Servitude in America: Human Trafficking and the German Redemptioners in the New World
The Crossing Part IV
Frontpiece of Gottlieb Mittelberger’s 1756 book, Reise nach Pennsylvanien
Readers, by the time you read this, I’ll be in Sweden—I managed to get a place at an artist residency there, and a grant to pay for the entire trip, and I’ll be gone for about three weeks. I’ll be photographing along the High Coast, and I’m spending some time in Stockholm visiting museums.
Today I’m writing about something I learned a few years ago: the indentured servitude of the Palatine passengers that sailed the Atlantic to the New World. Consider this advertisement from a newspaper, the Lancaster Journal, dated December 29, 1798: A number of healthy German MEN and WOMEN Redemptioners, (among which are several Mechanics) just arrived in Lancaster, and to be sold for a term of years. Apply to Adam Reigart, Jun.
If you’re like me, you’ve probably no idea about these “redemptioners.” They fall in between two economic strata prevalent in the colonies at the time: the free man, who could bargain for wages and quit at any time, and the slave, who was treated as property and had no hope of being freed. The redemptioner—in England, they were known as the “indentured”—is essentially someone who is sold into labor for a number of years. But why?
In England, before an emigrant could board a ship, they had to sign a labor contract. Among the English you’ll hear the term indentured servant—you serve out an indenture, essentially, but once that service is completed, you are essentially free. But the Germans weren’t bound by this rule regarding a labor contract; rather, they would sign an agreement with the captain of a ship to pay their fare when they reached the colonies, and if they couldn’t pay, they were sold by the captain as his property. Once sold, they were required to serve a certain number of years before they would be freed.
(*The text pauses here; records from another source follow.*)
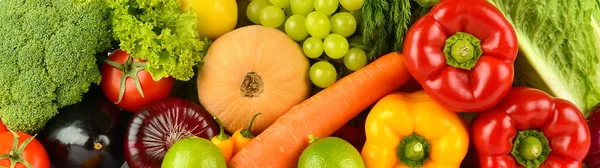 Nuttige Verse Groenten Fruit — Stockfoto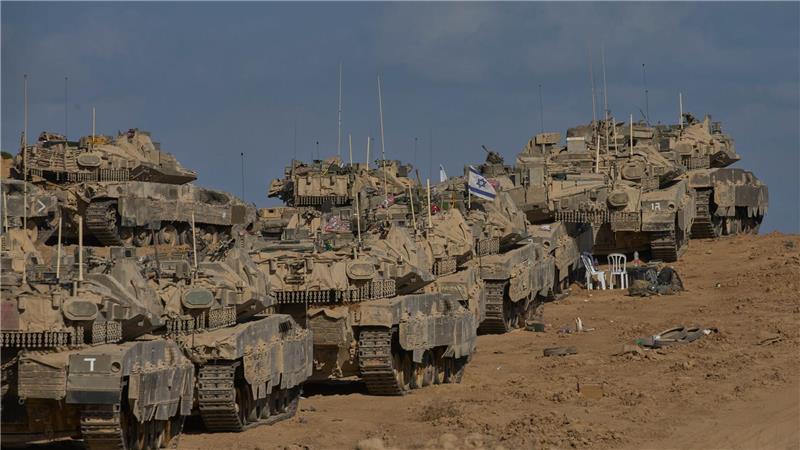 Bilder des Tages Israelische Panzer nahe des Gazastreifens
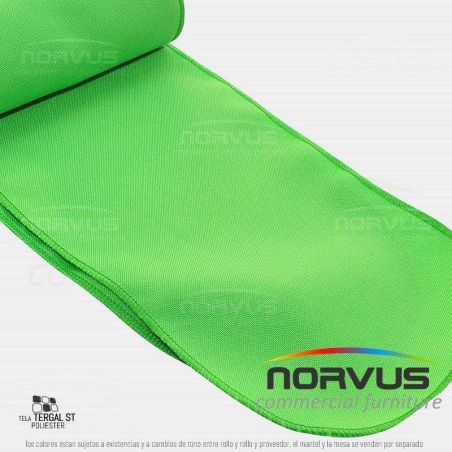 Liston para silla 250x15cm tela Tafetan verde limon
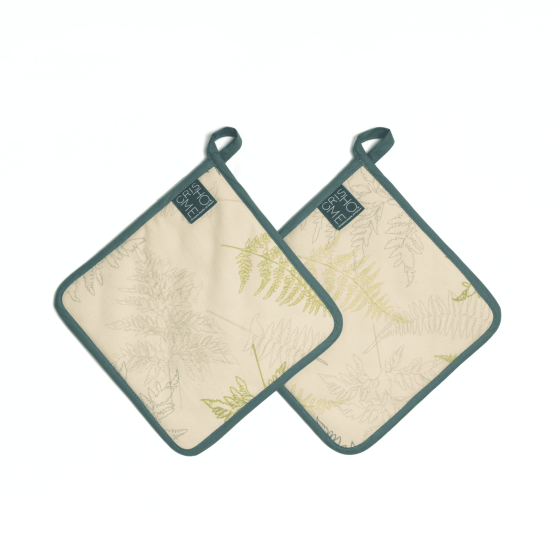 Par de Pegas de Cozinha Nature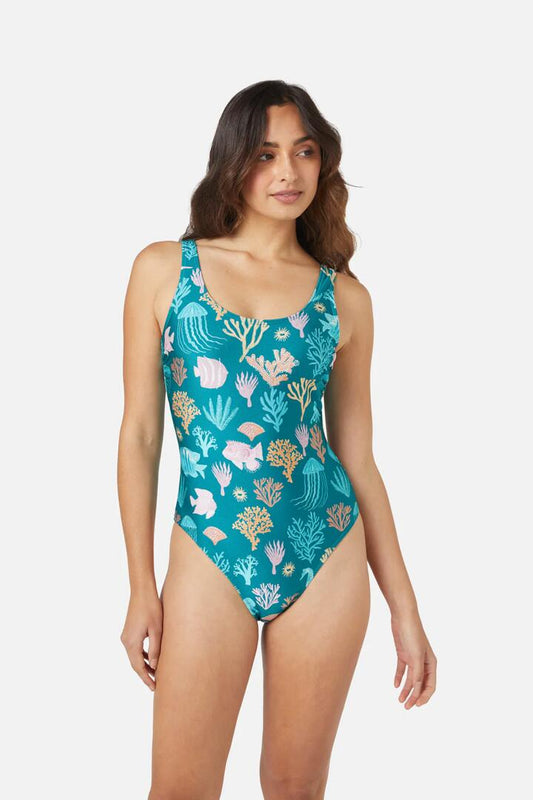 Image of Swimwear. Productname: Oceania One Piece in Teal colour by brand - Princess Highway
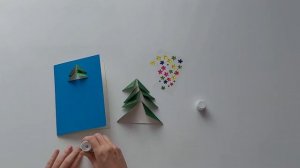 Аппликация Открытка «Елочка»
How did this happen? It turns out, it often happened by blatant dishonesty—and Gottlieb Mittelberger published his account of this travesty in 1756.
One of the most fascinating books I’ve come across is Gottlieb Mittelberger’s Reise nach Pennsylvanien—the Journey to Pennsylvania, published in Germany in 1756, with the telling subtitle that reads, in part, a detailed account of the sad and unfortunate circumstances of most of the Germans that have emigrated, or are emigrating to that country. I reference the 1898 version, translated by Carl Theodor Eben, a member of the German Society of Pennsylvania.
In the address to the reader at the outset, Mittelberger writes that “the most important part of this publication will no doubt be found in the account of the fate that awaits the unfortunate people who leave Germany to seek uncertain prosperity in the New World, but find instead, if not death, most surely an oppressive servitude and slavery.” His purpose in writing the book, in part, was to dissuade his countrymen from making the journey at all. He himself was only to stay for some four years.
In 1750, Mittelberger would have been about thirty-six years old. He was employed as a schoolmaster in his native country of Enzweihingen but lost his job early that year. In the spring, he was offered employment in New Providence, Pennsylvania as both a schoolmaster and an organist. The book begins with this journey over the ocean.
In May, he first went to Heilbronn to pick up an organ, and with that in tow sailed both the Neckar and Rhine Rivers to the port of Rotterdam in Holland, the embarking point for Germans sailing to Philadelphia. That trip, plus his waiting in Rotterdam, took an astounding seven weeks. From Rotterdam, he joined about 400 other passengers, Palatines among them, and sailed across the North Sea to Cowes in England, where he spent nine more days. When they finally sailed, it took until October 10—all said, a journey of 23-weeks from his homeland to Philadelphia.
Based on his journey, Mittelberger wrote this book because, as he writes, “many Wurtembergers, Durlachers and Palatines, of whom there are a great number there who repent and regret it while they live that they left their native country, implored me with tears and uplifted hands, and even in the name of God, to make this misery and sorrow known in Germany, so that not only the common people, but even princes and lords, might learn how they had fared, to prevent other innocent souls from leaving their fatherland, persuaded thereto by the newlanders, and from being sold into a like slavery.”
The real evil was the newlander. It is “the outrageous and merciless proceeding of the Dutch man-dealers and their man-stealing emissaries; I mean the so-called newlanders, for they steal, as it were, German people under all manner of false pretenses, and deliver them into the hands of the great Dutch traffickers in human souls.”
Note the word, traffickers. As in, “human trafficking,” which even today remains a crisis in the world, and which we all deplore—save the traffickers themselves, not to mention whatever sordid type supports them. To put it simply, these traffickers conned the Germans out of their freedom, and Mittelberger sets out to explain how.